Reuters/Tokyo
Japan’s top business lobby gave the government the green light to scrap a planned cut in the corporate tax rate and urged firms to look at shifting production to western Japan as the nation grapples with its worst crisis since World War Two.

Yonekura: I want the government to move swiftly in its recovery efforts
Hiromasa Yonekura, chairman of the Japan Business Federation, said the influential lobby would not fight the government if it decided to shelve a plan to lower the corporate tax rate, which at around 40% is among the highest in the industrialised world.
Economics Minister Kaoru Yosano suggested last week the government should reconsider the planned tax cut of 5 percentage points from April to prioritise spending on reconstruction and prevent the country’s already massive debt pile from growing.
“I don’t mind if the government skips cutting the corporate tax rate,” Yonekura, who is also chairman of Sumitomo Chemical , told a regular briefing in Tokyo. “Instead, I want the government to move swiftly in its recovery efforts.”
The openness of the business lobby to agree to skip the cut, may be part of a strategy to receive it in full later, analysts said.
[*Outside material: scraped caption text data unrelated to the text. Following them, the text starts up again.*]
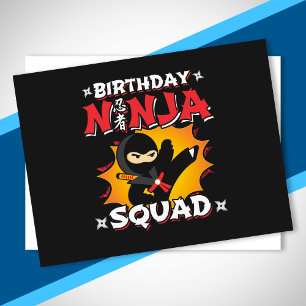 Birthday Ninja Squad Party Theme - Ninja Birthday Postkarte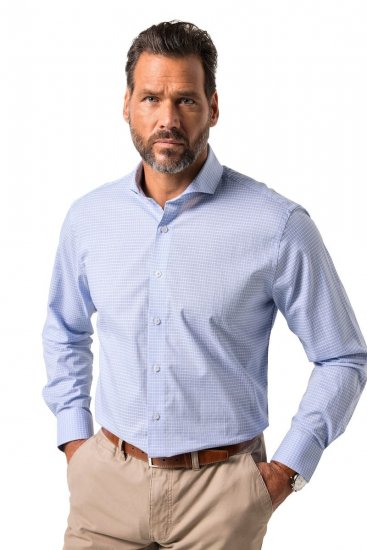 JP1880 Business Shirt Long Sleeve Ice Blue - Kauluspaidat - Miesten isot kauluspaidat 2XL – 8XL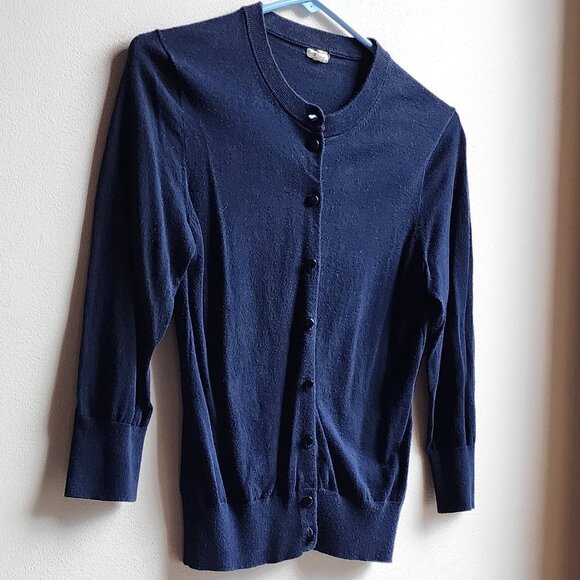 J. Crew Sweaters - J. Crew Navy Button Down Cardigan Size Small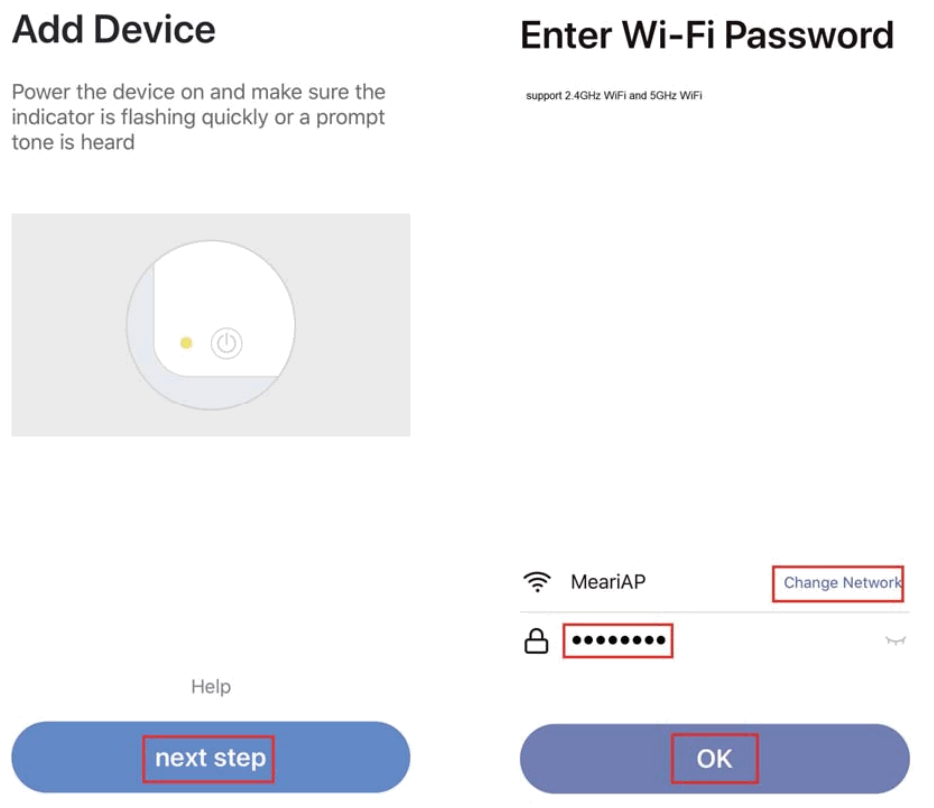 Hangzhou Meari Technology MINI 18 IP Camera - WiFi password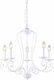 Home Lighting Chandelier Candlestick 5xE14 White 54cm 77-3658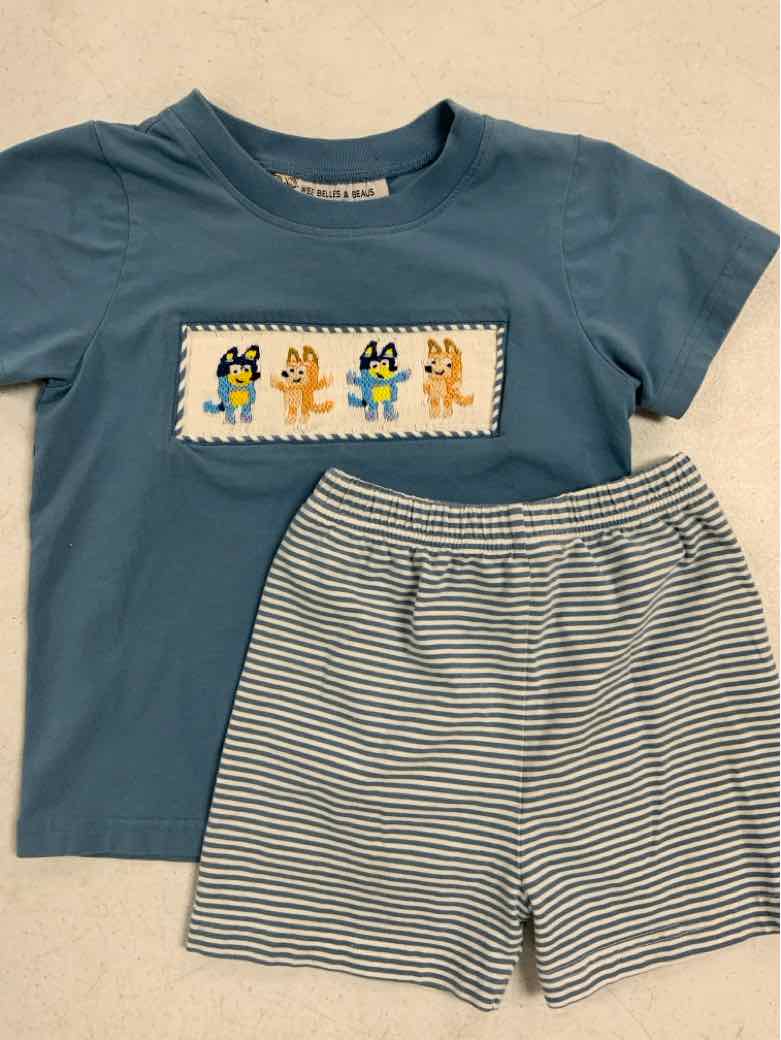 WE BELLES & BEAUS Blue Toddler Size 4 Boys 2PCCasual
“I think Japanese corporations would rather make sure they will get a full 5% cut next year, rather than risk having to be forced to be content with (partial) cut indefinitely,” said Takuji Okubo, chief economist at Societe General in Tokyo.
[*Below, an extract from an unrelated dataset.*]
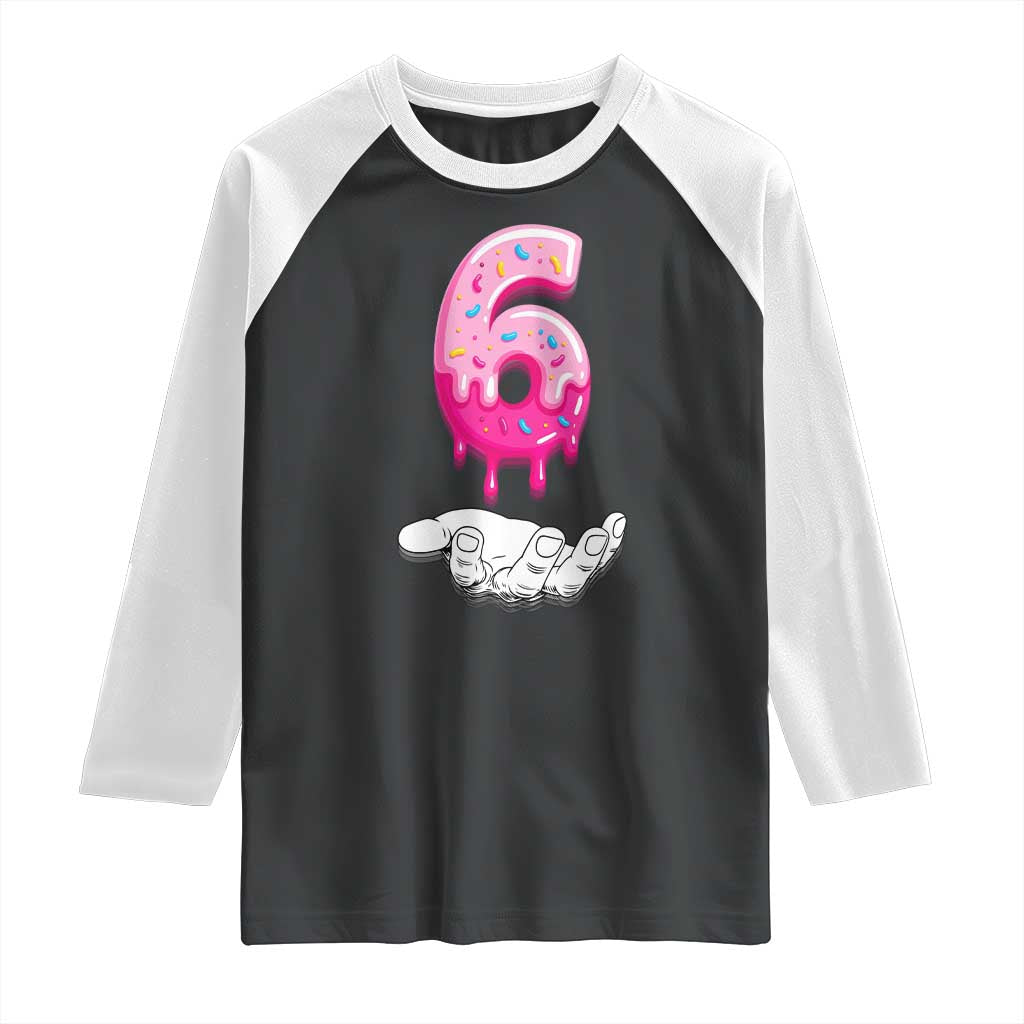 Funny 67 Six Seven Meme Couple Matching Raglan Shirt Number 6 Baseball Ice Cream Drip TS10 Black White Print Your Wear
The government is scrambling to come up with funding for rebuilding after a 9.0-magnitude earthquake and tsunami stuck the northeast coast on March 11, causing an estimated $300bn in damages and crippling a nuclear power plant.
Cutting the corporate tax rate has been seen as key to boosting the competitiveness of Japanese firms, as well as an important pro-business gesture by Japan’s Democratic Party.
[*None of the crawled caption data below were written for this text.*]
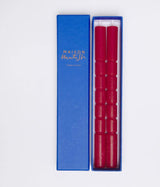 lot de deux chandelles rouge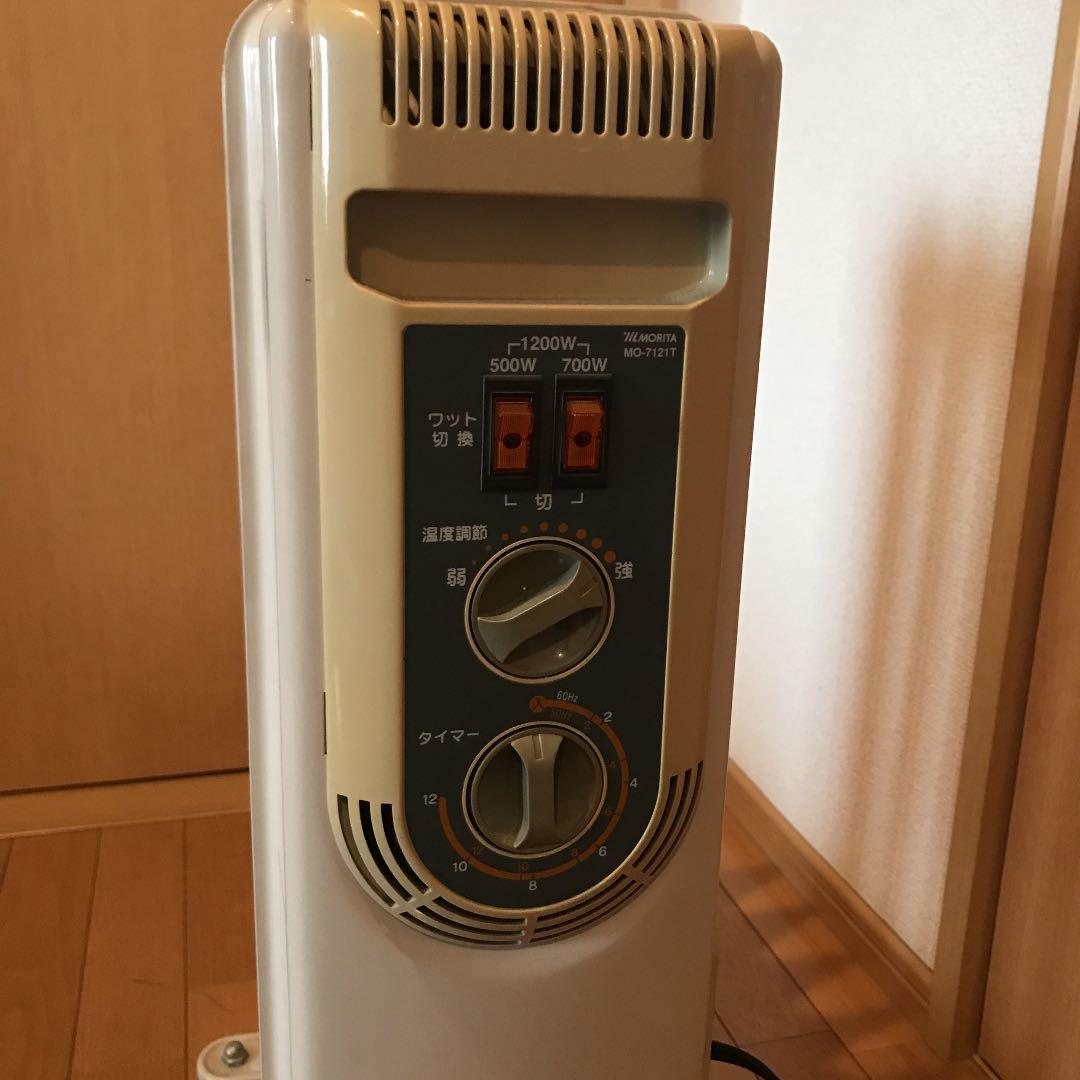オイルラジエーターヒーター MO-7121T 暖房器具 森田電工株式会社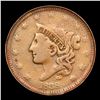 Image 2 : 1838 Coronet Head Large Cent 1c Grades f+
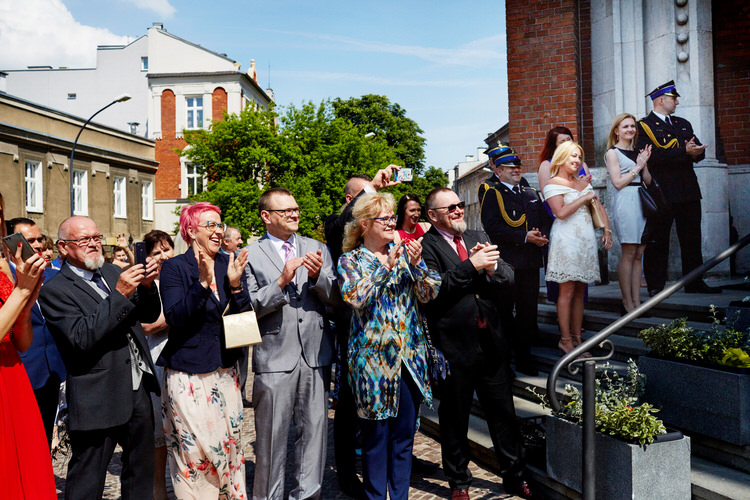 ceremonia zaślubin na Rynku Podgórskim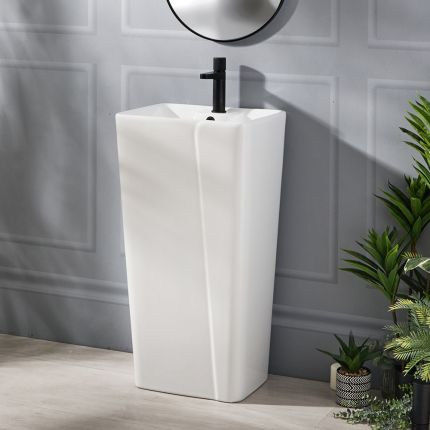 Lavabo totem - 44,5 cm  x 36 cm (1 trou) - Halwell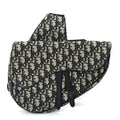Christian Dior Oblique Mens Saddle Bag  Blue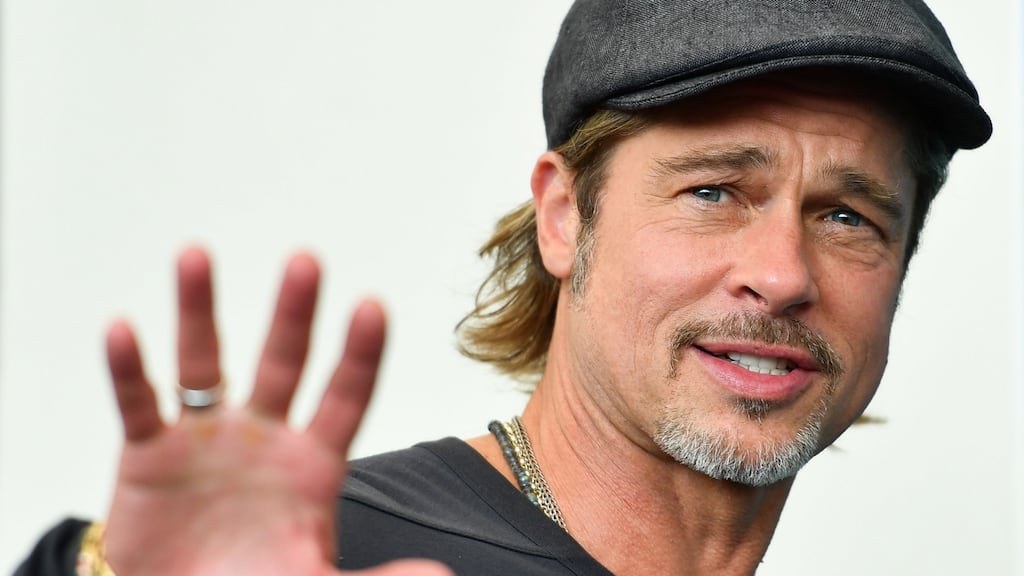 Oscar glory: Brad Pitt. Photograph: Alberto pizzoli/AFP/Getty Images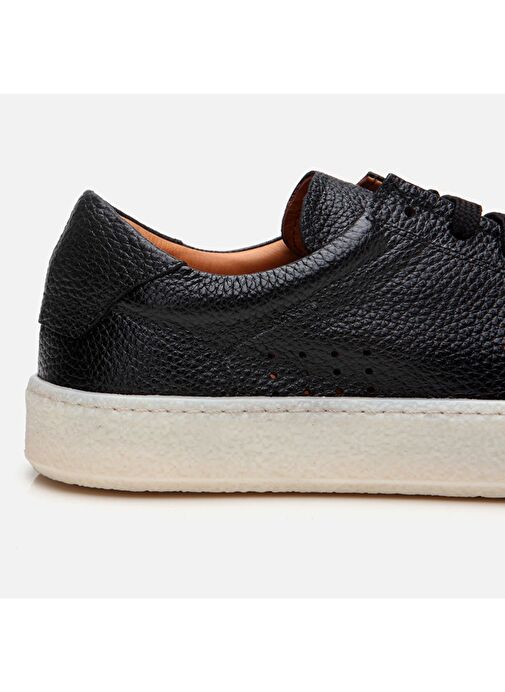 Erkek Deri Siyah Şeffaf Tabanlı Günlük Ayakkabı - Görsel 4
The disaster in northern Japan knocked out about 20% of Tokyo Electric Power’s operating thermal and nuclear power generation, prompting rolling blackouts in Tokyo and its neighbouring prefectures which account for 40% of the country’s gross domestic product.
Power outages have forced many companies to close plants or run at low capacity, sending ripples through supply chains.
Yonekura said companies may need to shift production to western Japan, which has not been affected by the quake or rolling blackouts, and suggested firms work together to conserve energy and get through the power crunch.
Possible steps include coordinating production times to reduce usage during peak hours and joint use of power generators among factories operating in the same region, tactics that some analysts think may help Japanese firms keep operating during the summer, when power demand typically peaks.
Okubo said that power saving efforts such as staggered summer vacations and operating on weekends and at night could be enough to prevent blackouts.